[Task]
Exactly as written, output each of the entries below.
[[ Data supplied open ]]
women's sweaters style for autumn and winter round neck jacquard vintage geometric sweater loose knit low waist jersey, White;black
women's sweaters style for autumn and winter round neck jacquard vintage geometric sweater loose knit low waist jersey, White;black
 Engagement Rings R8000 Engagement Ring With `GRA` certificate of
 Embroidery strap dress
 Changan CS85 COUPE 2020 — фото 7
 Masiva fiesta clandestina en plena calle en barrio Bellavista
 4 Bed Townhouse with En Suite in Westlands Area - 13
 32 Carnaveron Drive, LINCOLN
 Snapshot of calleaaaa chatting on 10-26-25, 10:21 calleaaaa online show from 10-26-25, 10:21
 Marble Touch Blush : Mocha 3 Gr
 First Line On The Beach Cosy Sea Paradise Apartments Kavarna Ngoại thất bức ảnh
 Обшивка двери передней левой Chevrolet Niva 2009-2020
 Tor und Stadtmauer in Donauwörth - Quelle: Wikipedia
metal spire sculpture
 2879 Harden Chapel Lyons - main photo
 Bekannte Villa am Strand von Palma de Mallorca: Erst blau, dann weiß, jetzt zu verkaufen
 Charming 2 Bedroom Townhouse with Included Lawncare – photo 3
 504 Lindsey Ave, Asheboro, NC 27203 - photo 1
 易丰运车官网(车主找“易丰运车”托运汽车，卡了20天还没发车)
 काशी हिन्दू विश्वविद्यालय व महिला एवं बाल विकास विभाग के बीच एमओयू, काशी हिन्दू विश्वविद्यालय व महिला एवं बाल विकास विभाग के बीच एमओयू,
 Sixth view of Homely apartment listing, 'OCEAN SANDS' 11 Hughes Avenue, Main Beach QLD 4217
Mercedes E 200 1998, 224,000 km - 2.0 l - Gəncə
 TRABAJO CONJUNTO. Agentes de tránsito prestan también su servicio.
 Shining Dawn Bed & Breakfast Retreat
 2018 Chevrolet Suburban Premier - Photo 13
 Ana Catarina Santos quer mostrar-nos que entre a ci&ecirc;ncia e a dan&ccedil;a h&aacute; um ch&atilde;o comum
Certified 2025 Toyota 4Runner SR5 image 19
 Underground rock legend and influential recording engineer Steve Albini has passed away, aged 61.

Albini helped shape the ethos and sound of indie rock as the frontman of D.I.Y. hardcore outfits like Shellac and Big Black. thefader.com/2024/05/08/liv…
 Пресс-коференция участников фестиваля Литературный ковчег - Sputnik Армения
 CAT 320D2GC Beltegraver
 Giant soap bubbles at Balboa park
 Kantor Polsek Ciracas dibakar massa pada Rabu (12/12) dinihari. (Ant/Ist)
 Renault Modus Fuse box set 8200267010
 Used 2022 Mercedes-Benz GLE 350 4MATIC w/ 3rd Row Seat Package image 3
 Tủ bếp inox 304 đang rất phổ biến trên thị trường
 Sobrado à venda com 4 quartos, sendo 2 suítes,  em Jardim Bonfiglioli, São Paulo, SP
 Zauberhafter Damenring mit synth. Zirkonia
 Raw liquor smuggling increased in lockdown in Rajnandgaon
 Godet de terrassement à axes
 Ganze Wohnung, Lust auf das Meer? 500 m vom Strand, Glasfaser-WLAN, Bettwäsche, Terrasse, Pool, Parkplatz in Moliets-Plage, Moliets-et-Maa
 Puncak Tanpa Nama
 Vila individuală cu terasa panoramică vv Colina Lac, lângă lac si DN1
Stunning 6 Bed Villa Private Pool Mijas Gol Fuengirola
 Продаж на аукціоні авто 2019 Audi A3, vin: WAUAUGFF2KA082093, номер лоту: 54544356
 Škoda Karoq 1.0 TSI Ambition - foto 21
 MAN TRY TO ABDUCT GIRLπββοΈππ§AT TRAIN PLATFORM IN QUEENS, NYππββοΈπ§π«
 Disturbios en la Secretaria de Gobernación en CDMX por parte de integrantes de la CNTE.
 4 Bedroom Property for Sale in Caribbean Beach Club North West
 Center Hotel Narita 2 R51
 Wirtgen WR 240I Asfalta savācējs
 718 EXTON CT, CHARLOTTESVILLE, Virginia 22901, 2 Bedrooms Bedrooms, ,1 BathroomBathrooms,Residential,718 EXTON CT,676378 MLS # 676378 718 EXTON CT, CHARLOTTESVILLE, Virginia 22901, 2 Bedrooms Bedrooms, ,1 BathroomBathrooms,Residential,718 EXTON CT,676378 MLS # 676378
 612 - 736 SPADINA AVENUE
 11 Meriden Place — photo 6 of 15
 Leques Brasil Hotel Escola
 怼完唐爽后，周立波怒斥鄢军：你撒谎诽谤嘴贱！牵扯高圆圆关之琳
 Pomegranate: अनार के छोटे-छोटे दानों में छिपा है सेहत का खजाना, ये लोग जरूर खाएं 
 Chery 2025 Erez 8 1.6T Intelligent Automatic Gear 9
[[ Data supplied closed ]]
[Solution]
women's sweaters style for autumn and winter round neck jacquard vintage geometric sweater loose knit low waist jersey, White;black
women's sweaters style for autumn and winter round neck jacquard vintage geometric sweater loose knit low waist jersey, White;black
 Engagement Rings R8000 Engagement Ring With `GRA` certificate of
 Embroidery strap dress
 Changan CS85 COUPE 2020 — фото 7
 Masiva fiesta clandestina en plena calle en barrio Bellavista
 4 Bed Townhouse with En Suite in Westlands Area - 13
 32 Carnaveron Drive, LINCOLN
 Snapshot of calleaaaa chatting on 10-26-25, 10:21 calleaaaa online show from 10-26-25, 10:21
 Marble Touch Blush : Mocha 3 Gr
 First Line On The Beach Cosy Sea Paradise Apartments Kavarna Ngoại thất bức ảnh
 Обшивка двери передней левой Chevrolet Niva 2009-2020
 Tor und Stadtmauer in Donauwörth - Quelle: Wikipedia
metal spire sculpture
 2879 Harden Chapel Lyons - main photo
 Bekannte Villa am Strand von Palma de Mallorca: Erst blau, dann weiß, jetzt zu verkaufen
 Charming 2 Bedroom Townhouse with Included Lawncare – photo 3
 504 Lindsey Ave, Asheboro, NC 27203 - photo 1
 易丰运车官网(车主找“易丰运车”托运汽车，卡了20天还没发车)
 काशी हिन्दू विश्वविद्यालय व महिला एवं बाल विकास विभाग के बीच एमओयू, काशी हिन्दू विश्वविद्यालय व महिला एवं बाल विकास विभाग के बीच एमओयू,
 Sixth view of Homely apartment listing, 'OCEAN SANDS' 11 Hughes Avenue, Main Beach QLD 4217
Mercedes E 200 1998, 224,000 km - 2.0 l - Gəncə
 TRABAJO CONJUNTO. Agentes de tránsito prestan también su servicio.
 Shining Dawn Bed & Breakfast Retreat
 2018 Chevrolet Suburban Premier - Photo 13
 Ana Catarina Santos quer mostrar-nos que entre a ci&ecirc;ncia e a dan&ccedil;a h&aacute; um ch&atilde;o comum
Certified 2025 Toyota 4Runner SR5 image 19
 Underground rock legend and influential recording engineer Steve Albini has passed away, aged 61.

Albini helped shape the ethos and sound of indie rock as the frontman of D.I.Y. hardcore outfits like Shellac and Big Black. thefader.com/2024/05/08/liv…
 Пресс-коференция участников фестиваля Литературный ковчег - Sputnik Армения
 CAT 320D2GC Beltegraver
 Giant soap bubbles at Balboa park
 Kantor Polsek Ciracas dibakar massa pada Rabu (12/12) dinihari. (Ant/Ist)
 Renault Modus Fuse box set 8200267010
 Used 2022 Mercedes-Benz GLE 350 4MATIC w/ 3rd Row Seat Package image 3
 Tủ bếp inox 304 đang rất phổ biến trên thị trường
 Sobrado à venda com 4 quartos, sendo 2 suítes,  em Jardim Bonfiglioli, São Paulo, SP
 Zauberhafter Damenring mit synth. Zirkonia
 Raw liquor smuggling increased in lockdown in Rajnandgaon
 Godet de terrassement à axes
 Ganze Wohnung, Lust auf das Meer? 500 m vom Strand, Glasfaser-WLAN, Bettwäsche, Terrasse, Pool, Parkplatz in Moliets-Plage, Moliets-et-Maa
 Puncak Tanpa Nama
 Vila individuală cu terasa panoramică vv Colina Lac, lângă lac si DN1
Stunning 6 Bed Villa Private Pool Mijas Gol Fuengirola
 Продаж на аукціоні авто 2019 Audi A3, vin: WAUAUGFF2KA082093, номер лоту: 54544356
 Škoda Karoq 1.0 TSI Ambition - foto 21
 MAN TRY TO ABDUCT GIRLπββοΈππ§AT TRAIN PLATFORM IN QUEENS, NYππββοΈπ§π«
 Disturbios en la Secretaria de Gobernación en CDMX por parte de integrantes de la CNTE.
 4 Bedroom Property for Sale in Caribbean Beach Club North West
 Center Hotel Narita 2 R51
 Wirtgen WR 240I Asfalta savācējs
 718 EXTON CT, CHARLOTTESVILLE, Virginia 22901, 2 Bedrooms Bedrooms, ,1 BathroomBathrooms,Residential,718 EXTON CT,676378 MLS # 676378 718 EXTON CT, CHARLOTTESVILLE, Virginia 22901, 2 Bedrooms Bedrooms, ,1 BathroomBathrooms,Residential,718 EXTON CT,676378 MLS # 676378
 612 - 736 SPADINA AVENUE
 11 Meriden Place — photo 6 of 15
 Leques Brasil Hotel Escola
 怼完唐爽后，周立波怒斥鄢军：你撒谎诽谤嘴贱！牵扯高圆圆关之琳
 Pomegranate: अनार के छोटे-छोटे दानों में छिपा है सेहत का खजाना, ये लोग जरूर खाएं 
 Chery 2025 Erez 8 1.6T Intelligent Automatic Gear 9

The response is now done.